A recent decision of the Employment Appeal Tribunal has shed light on the circumstances in which an employer’s behaviour during pre-termination discussions may amount to improper behaviour under section 111A of the Employment Rights Act 1996.
Section 111A of the Employment Rights Act 1996 (ERA 1996) introduced the concept of "protected conversations" in employment law. These conversations aim to facilitate discussions between employers and employees about potential termination of employment, often with the goal of reaching a mutually agreed settlement. However, the protection afforded by Section 111A is not absolute, and the concept of "undue pressure" can significantly impact its application.
Protected conversations, also known as pre-termination negotiations, are discussions held between an employer and an employee with the intention of terminating the employment relationship on agreed terms. The purpose of these conversations is to explore potential settlement options and avoid the need for formal tribunal proceedings.
The protection offered by Section 111A means that the content of these conversations are generally inadmissible in unfair dismissal claims. This confidentiality is designed to encourage open and honest discussions between the parties involved.
While Section 111A provides valuable protection for both employers and employees, it is important to understand that this protection is not unlimited. The concept of "undue pressure" can arise in the context of protected conversations, potentially undermining the confidentiality and fairness of the process.
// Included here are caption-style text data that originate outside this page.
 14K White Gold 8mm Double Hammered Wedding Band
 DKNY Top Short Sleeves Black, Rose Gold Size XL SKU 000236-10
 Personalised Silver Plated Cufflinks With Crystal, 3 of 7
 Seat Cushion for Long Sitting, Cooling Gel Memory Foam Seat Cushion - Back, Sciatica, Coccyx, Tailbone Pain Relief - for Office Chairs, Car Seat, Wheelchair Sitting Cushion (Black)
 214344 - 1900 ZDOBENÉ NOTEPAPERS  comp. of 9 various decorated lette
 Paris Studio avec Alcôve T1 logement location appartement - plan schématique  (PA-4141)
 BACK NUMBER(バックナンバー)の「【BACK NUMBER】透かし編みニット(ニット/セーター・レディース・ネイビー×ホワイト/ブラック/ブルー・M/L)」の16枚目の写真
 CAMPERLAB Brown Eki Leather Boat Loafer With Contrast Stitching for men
Undue pressure can be defined as any conduct or behaviour that coerces or intimidates an employee into agreeing to a settlement or termination of employment against their will. This can include:
If an employment tribunal finds that undue pressure was exerted during a protected conversation, the protection afforded by Section 111A may be lifted. This means that the content of the conversation could become admissible in an unfair dismissal claim, potentially damaging the employer's case.
Additionally, undue pressure can give rise to other legal claims, such as constructive dismissal or wrongful dismissal. These claims can result in significant financial and reputational damage for the employer.
In this case, the Employment Appeal Tribunal (EAT) upheld the decision of the originating Tribunal Judge, that the employer’s conduct did not amount to improper behaviour. The Tribunal found that a meeting which had been presented to the employee as a ‘return to work’ meeting but which turned out to be a meeting to discuss his potential redundancy was conducted calmly and the employee allowed a reasonable period of time to consider an offer of enhanced redundancy.
This case illustrates that the determination of improper behaviour will always be fact specific and requires careful consideration of the context and conduct of the parties involved.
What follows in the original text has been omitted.